I’m thinking of friends who summon up the artist of choice on their Amazon Echo or Google Home devices. Just a few spoken words can produce a playlist for whatever musical genre you want, with surprisingly good sound, all curated by software in the cloud and delivered effortlessly. Home devices are game-changers, and as they infiltrate our lives, we’ll see more disruption of the services we take for granted. Think Netflix, or Hulu, compared to local TV.
Each industry that the internet disrupts has to come up with a strategy for absorbing the best digital tools while retaining its identity, and I think traditional radio still holds many cards. It’s what I turn to when I need something fast, a news flash on what North Korea is up to, or the movement of a hurricane. That’s because most of us spend a lot of time in the car, often in short trips, and a moving vehicle is not a place where drivers need to be looking at screens.
The venue, then, is stable enough. There should always be a place for local radio, with its mix of relevant commercials and updates on traffic and banter among people we might run into in nearby venues. That sense of being among neighbors is something streaming services don’t convey, just as national websites don’t put across an adequate picture of our home towns.

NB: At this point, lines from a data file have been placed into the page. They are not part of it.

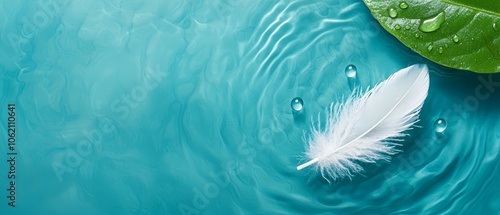  A white feather floats atop a tranquil blue body of water Nearby, a green leaf is speckled with droplets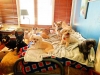 Doggie Day Care Phoenix with Heidi's Historic Home & Pet Care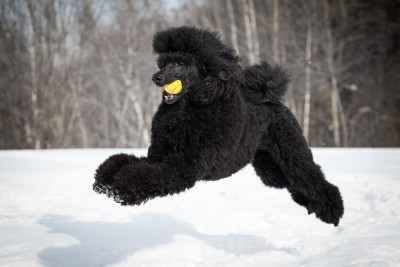 caniche noir géant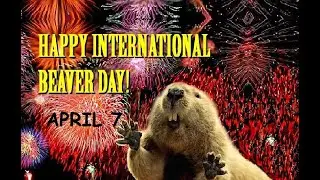 International Beaver Day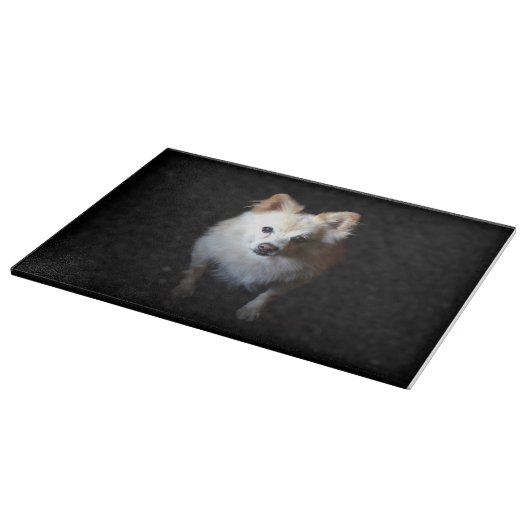 Pommerse hond in donkere snijplank (Hoek)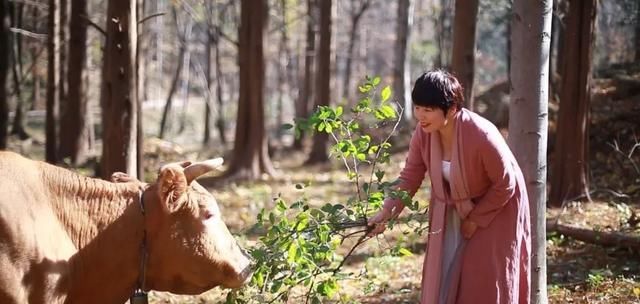 这群不回家的牛，在300平方公里的绝美仙境诗意栖居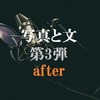 対談雑談PART23『写真と文』第3弾after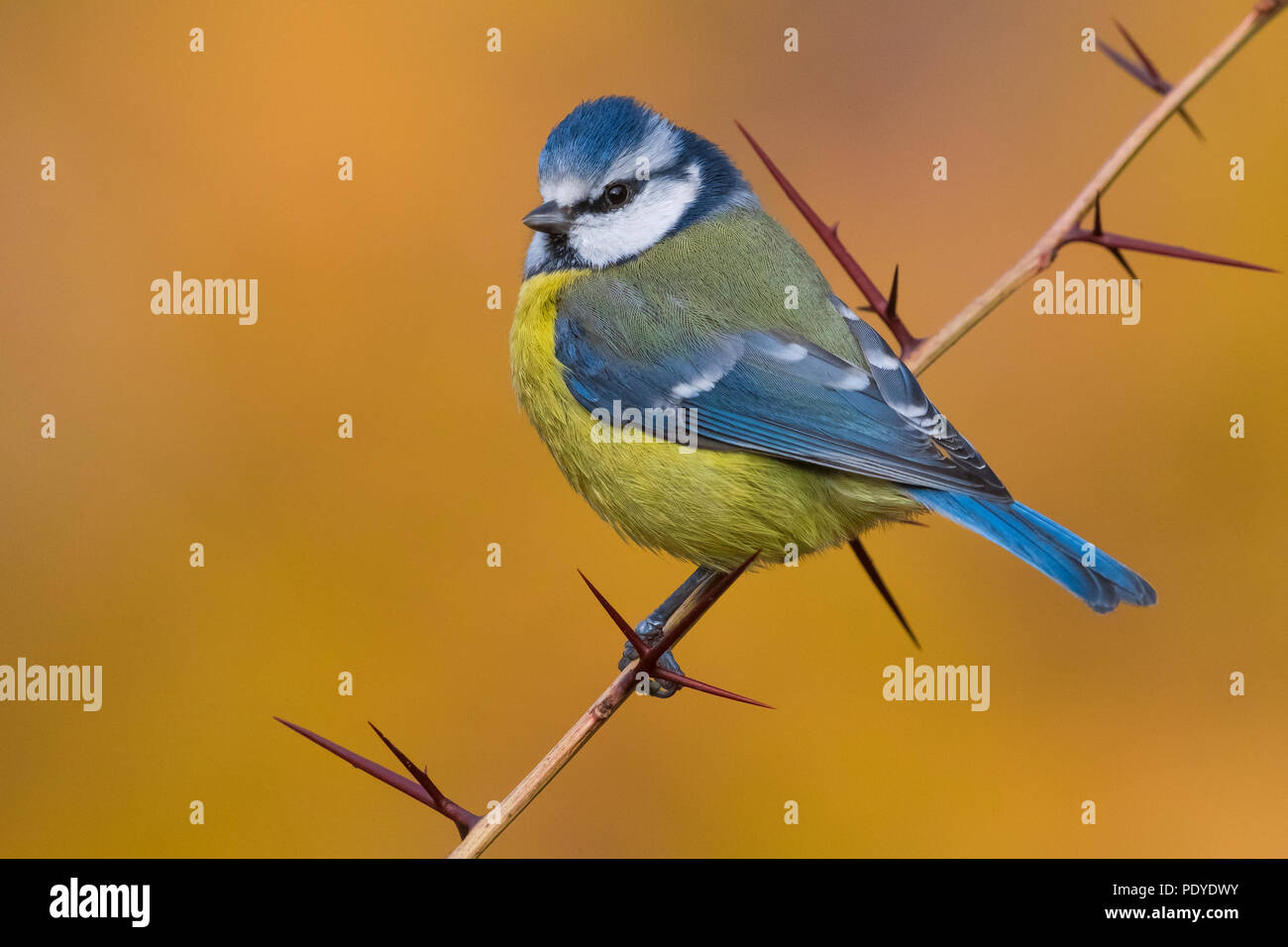 Blaumeise; Cyanistes caeruleus Stockfoto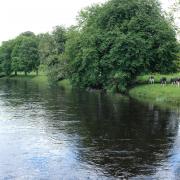 Riverbanks to be planted with thousands of hectares of new woodland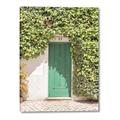 Picture of Green Door with Lush Leaves _GroupedProduct_Rectangle_Portrait_Photography _GroupedProduct_Rectangle_Portrait_Canvas_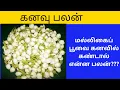 Download Lagu மல்லிகை பூவை கனவில் கண்டால் என்ன பலன்/What is the benefit of dreaming of jasmine flower /#kanavu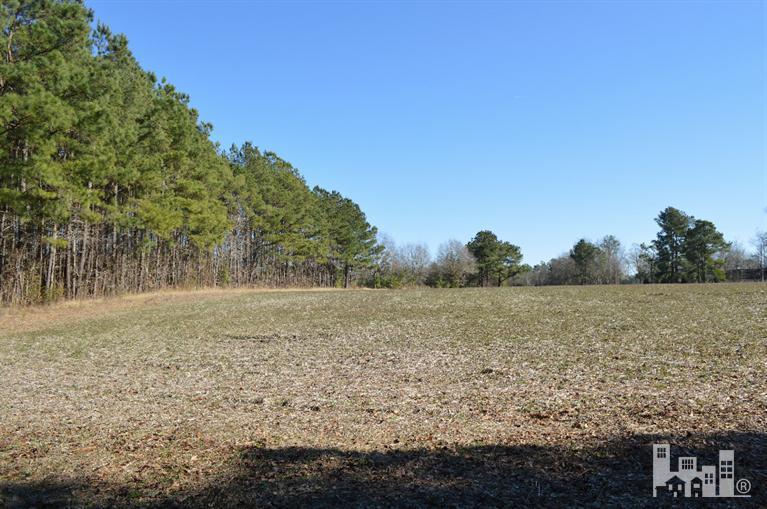 881 Beattys Bridge Road Atkinson, NC 28421 - Photo 13 of 24 Additional Photo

Music is what commercial radio thrives on, but the digital train is approaching the intersection. Going forward, traditional radio will have to supplement its offerings with streaming and other digital options, while moving away from the music-discovery model that the internet has so thoroughly disrupted. A digital model focusing on local talk and connection to personalized services is evolving that redefines the DJ and should be fertile ground for start-ups to explore.